The +/- 2 deg is because it is pretty hard to see it, even with white paint on the mark and in the dark of night... you're sort of offset from the timing indicator when looking at it from above, have to gestimate that you're at the right spot. That's why I suggest making the scratch mark , then adjusting a bit from there to see if you get a little more pep w/o any knocking. If the ECU detects a knock, it will retard the timing quite a bit, ruining your performance.

Or this link, which apparently doesn't get filtered:
http://www.aubreyandcharles.com/ServiceManuals/


----------



## jdg (Aug 27, 2009)

lukesSX said:


> I've never set one at 15 degrees so I'm not sure what it will do, but I'm sure someone else will know.
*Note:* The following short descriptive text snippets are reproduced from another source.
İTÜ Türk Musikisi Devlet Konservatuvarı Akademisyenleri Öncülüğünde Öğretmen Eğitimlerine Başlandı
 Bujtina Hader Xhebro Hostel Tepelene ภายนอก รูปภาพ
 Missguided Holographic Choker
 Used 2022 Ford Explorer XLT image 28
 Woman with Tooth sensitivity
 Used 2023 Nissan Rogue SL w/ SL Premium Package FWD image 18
I tried both of my B14's at 15BTDC last year. Pinged like somebody was doing drum rolls on the intake with a hammer! Performance went in the crapper, but only because the knock sensor was working overtime and the ECU was killing the timing. Then again, I was running regular unleaded. Never did try it with premium. I'll save that for this summer sometime.
I've got both of mine set for 10BTDC, or at least as close as I can get it. Runs fine for me.


----------



## smj999smj (Jan 1, 2006)

When I went to Nissan's training center years back, the instructor there said most Nissan engines "wake up" with an extra 3 degrees of advance over the factory recommended setting.


----------



## AP100684 (Apr 1, 2009)

Just had mine timed to 10. Peace of mind achieved.. for now...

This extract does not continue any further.